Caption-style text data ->
>>>

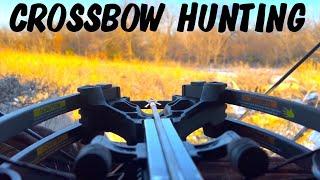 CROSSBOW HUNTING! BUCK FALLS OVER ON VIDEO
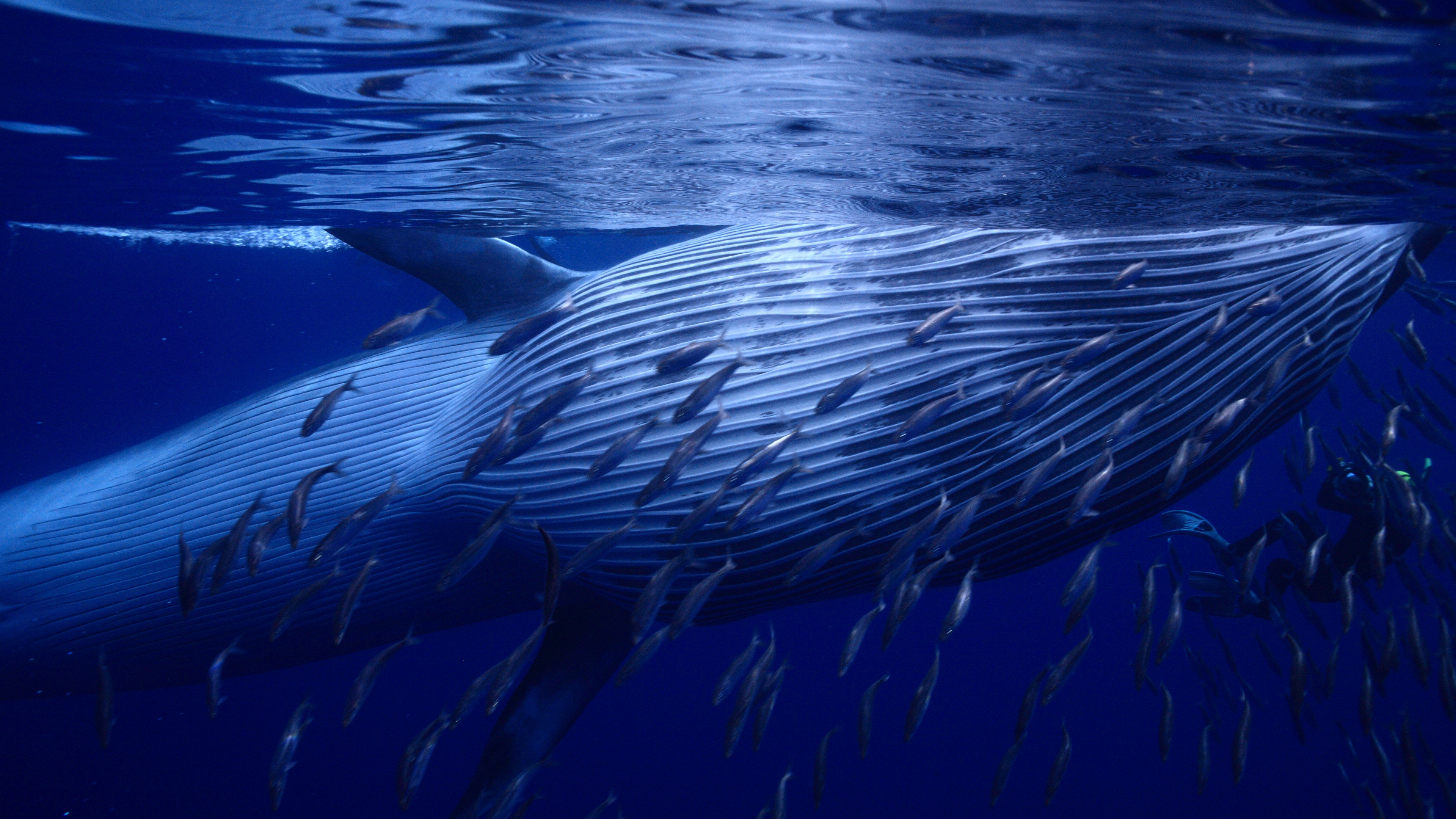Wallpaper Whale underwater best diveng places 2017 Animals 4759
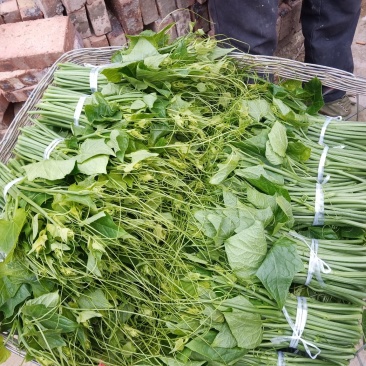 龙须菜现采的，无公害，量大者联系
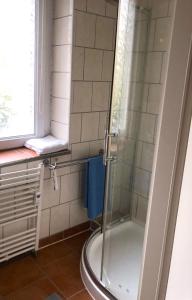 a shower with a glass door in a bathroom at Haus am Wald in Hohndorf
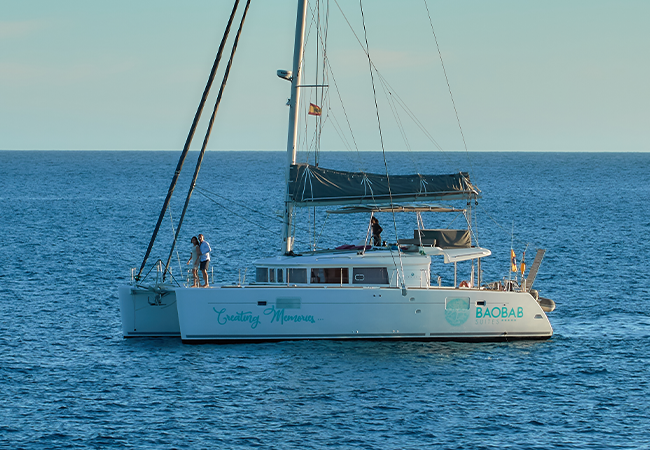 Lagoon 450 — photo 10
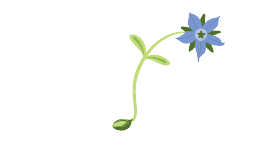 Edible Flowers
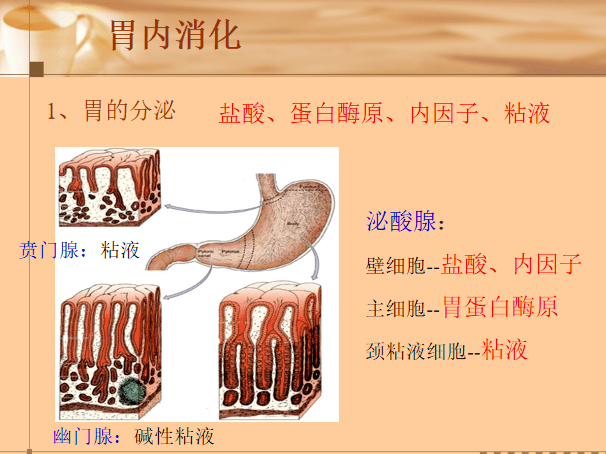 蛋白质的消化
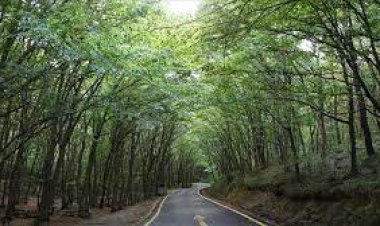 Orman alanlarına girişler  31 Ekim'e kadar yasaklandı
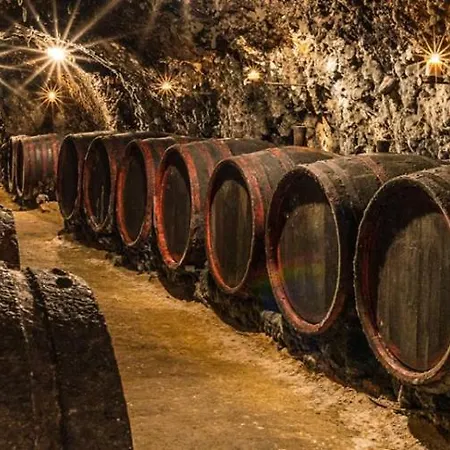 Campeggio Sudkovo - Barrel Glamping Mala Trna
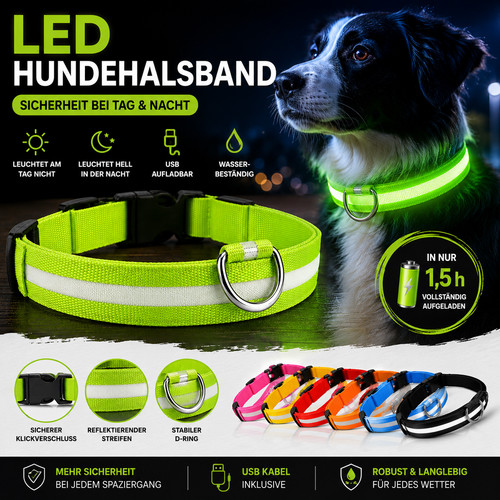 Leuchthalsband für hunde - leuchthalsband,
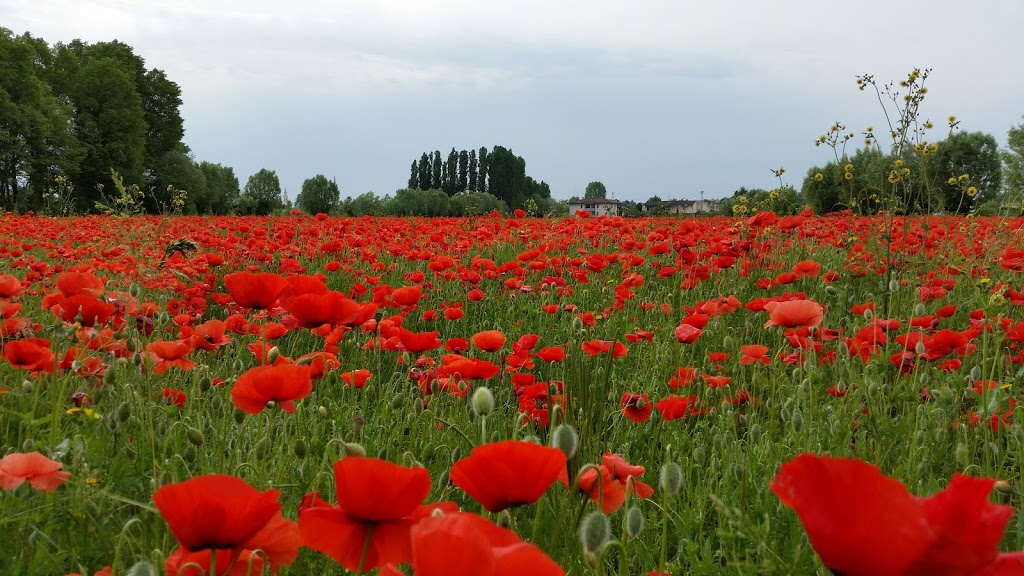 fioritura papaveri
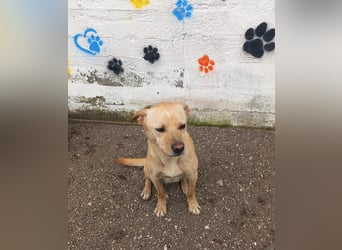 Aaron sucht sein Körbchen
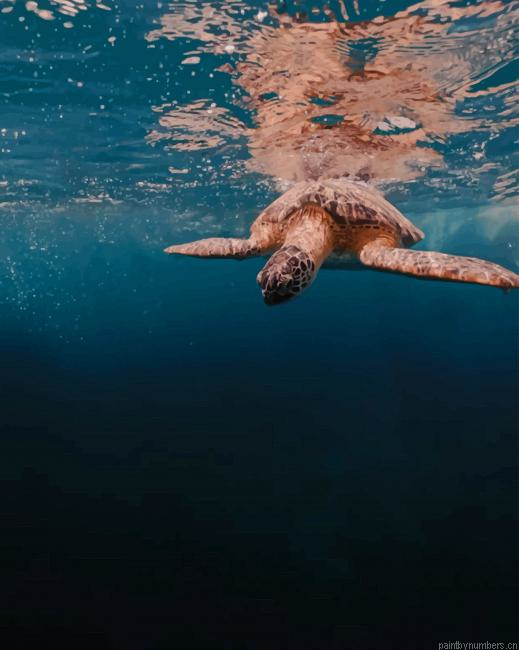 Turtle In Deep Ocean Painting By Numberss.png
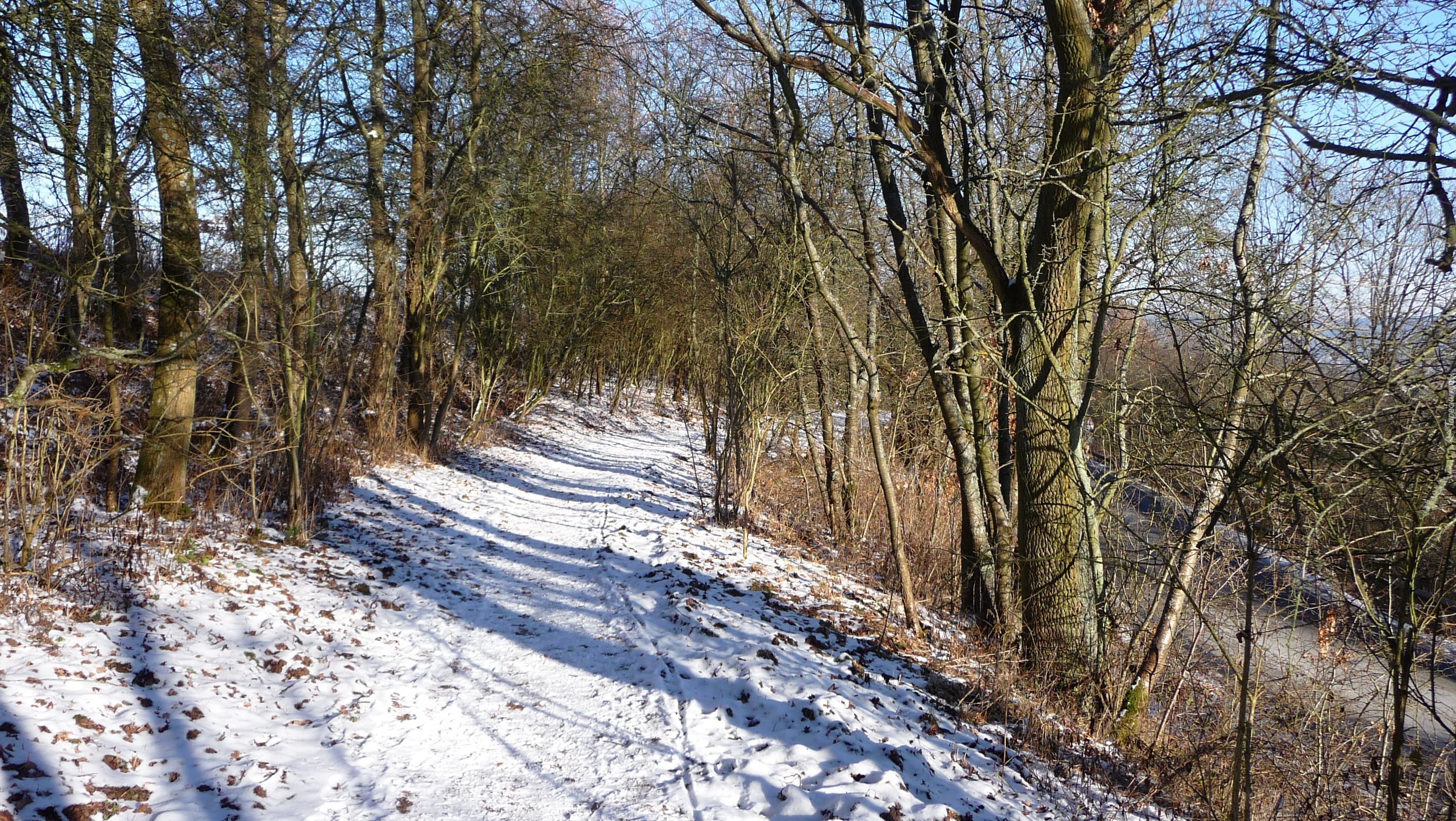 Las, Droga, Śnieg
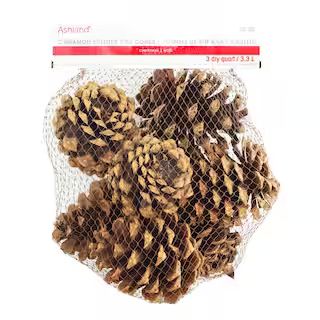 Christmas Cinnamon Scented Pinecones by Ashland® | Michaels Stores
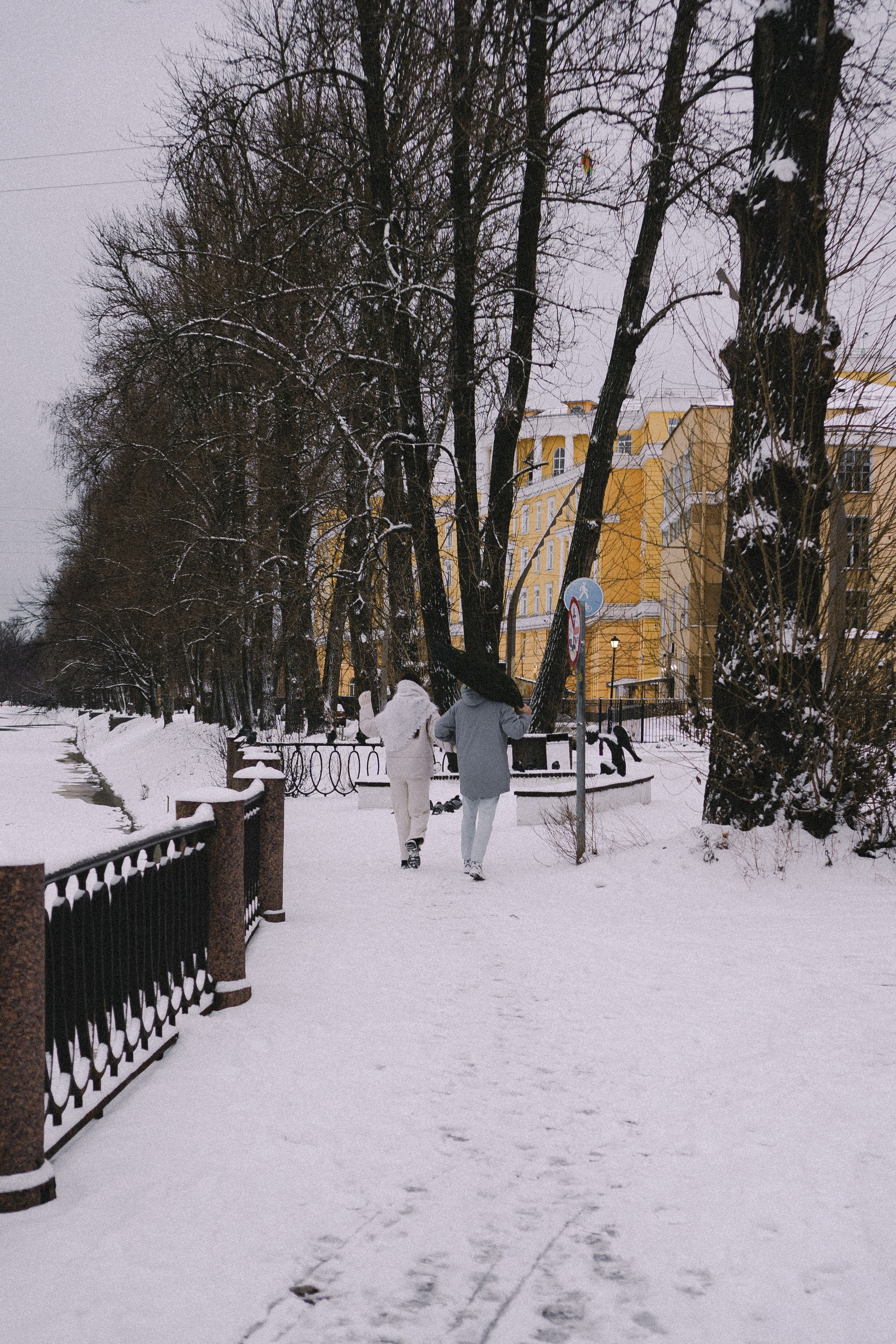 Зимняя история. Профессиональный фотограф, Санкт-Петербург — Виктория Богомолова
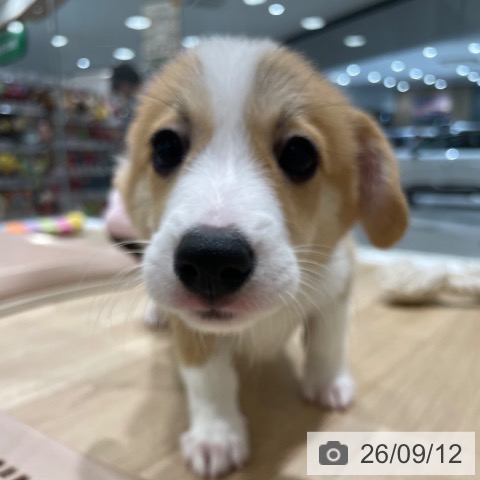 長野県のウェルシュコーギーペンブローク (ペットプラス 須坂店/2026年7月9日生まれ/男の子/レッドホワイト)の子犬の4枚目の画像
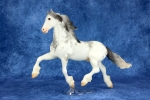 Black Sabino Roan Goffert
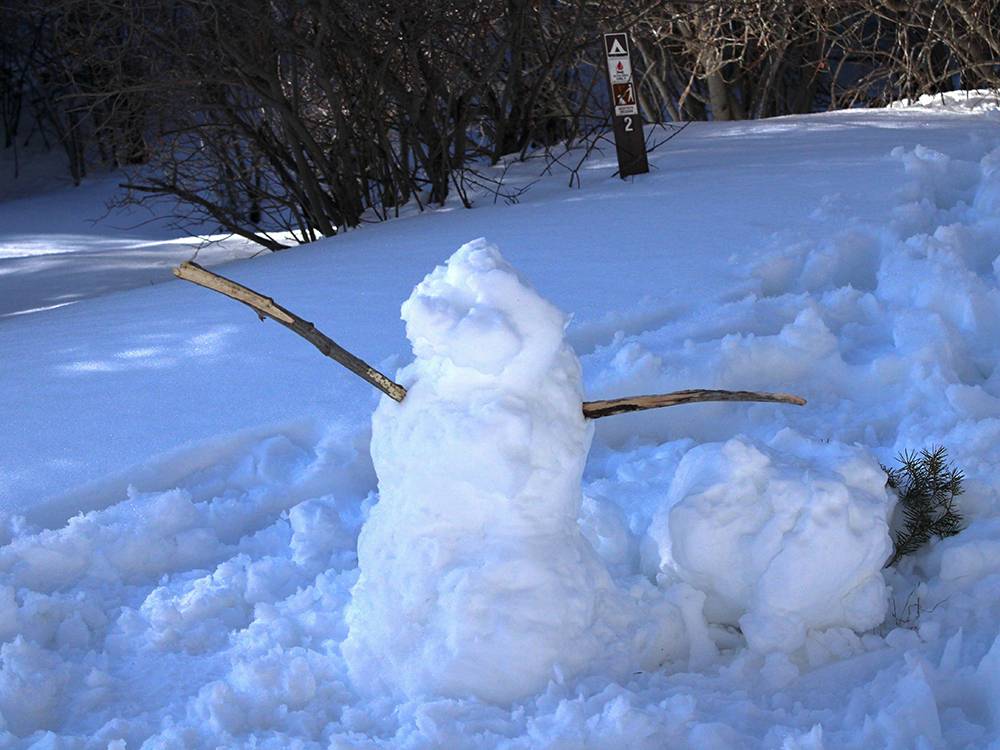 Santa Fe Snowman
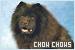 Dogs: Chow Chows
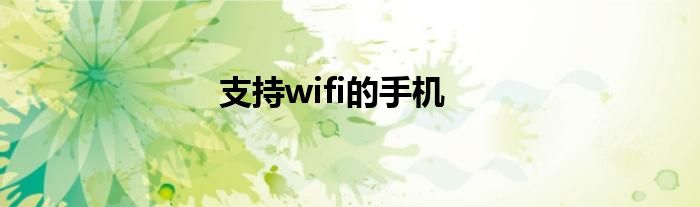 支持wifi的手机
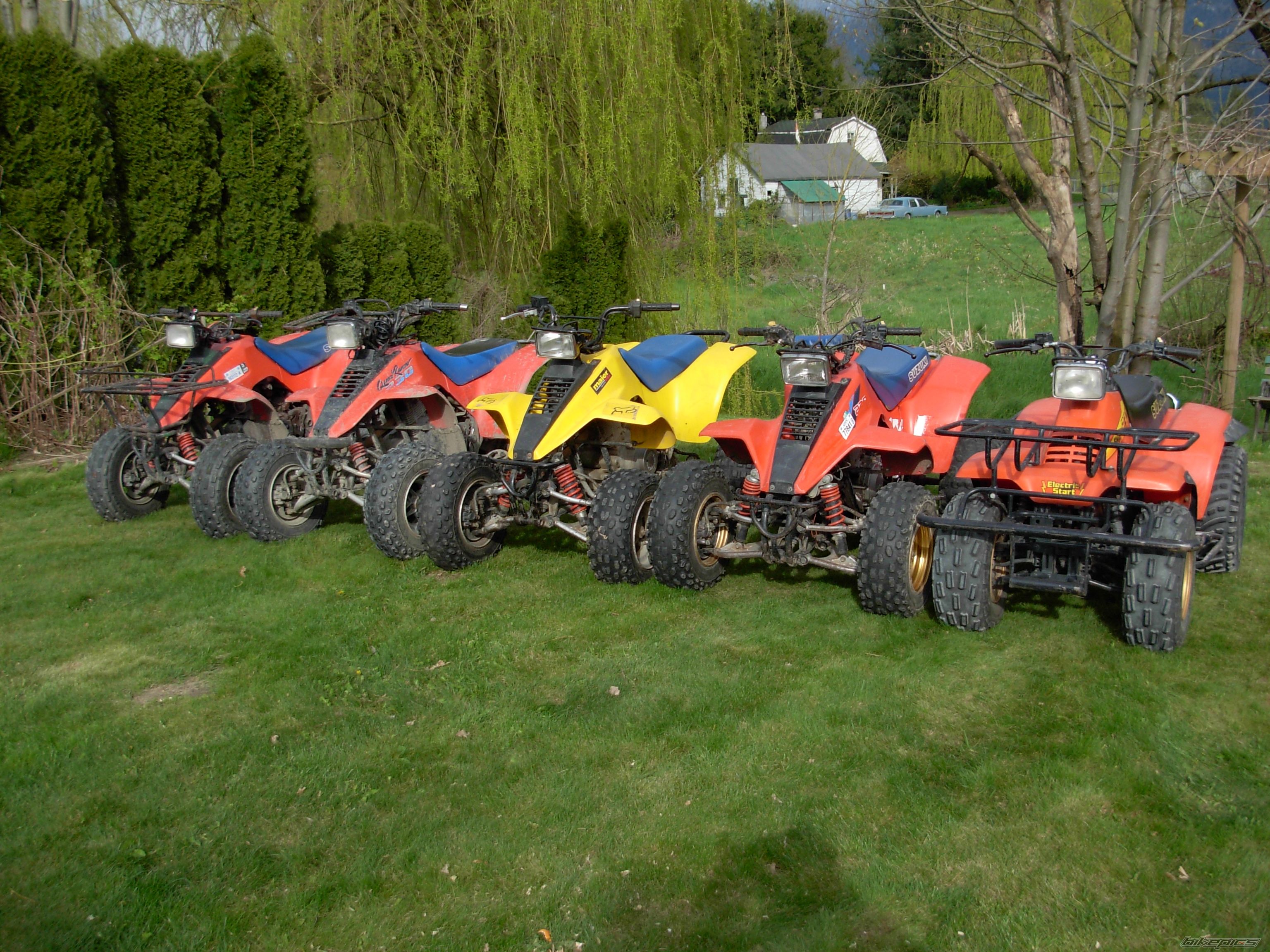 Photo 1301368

<<<

Exercise -> Starting from the first line of the entries above, print each line exactly until the line containing "Aaron sucht sein Körbchen" has been printed, and skip the pictures.

Exercise solution ->
 CROSSBOW HUNTING! BUCK FALLS OVER ON VIDEO
Wallpaper Whale underwater best diveng places 2017 Animals 4759
 龙须菜现采的，无公害，量大者联系
 a shower with a glass door in a bathroom at Haus am Wald in Hohndorf
 Lagoon 450 — photo 10
 Edible Flowers
 蛋白质的消化
 Orman alanlarına girişler  31 Ekim'e kadar yasaklandı
 Campeggio Sudkovo - Barrel Glamping Mala Trna
 Leuchthalsband für hunde - leuchthalsband,
 fioritura papaveri
 Aaron sucht sein Körbchen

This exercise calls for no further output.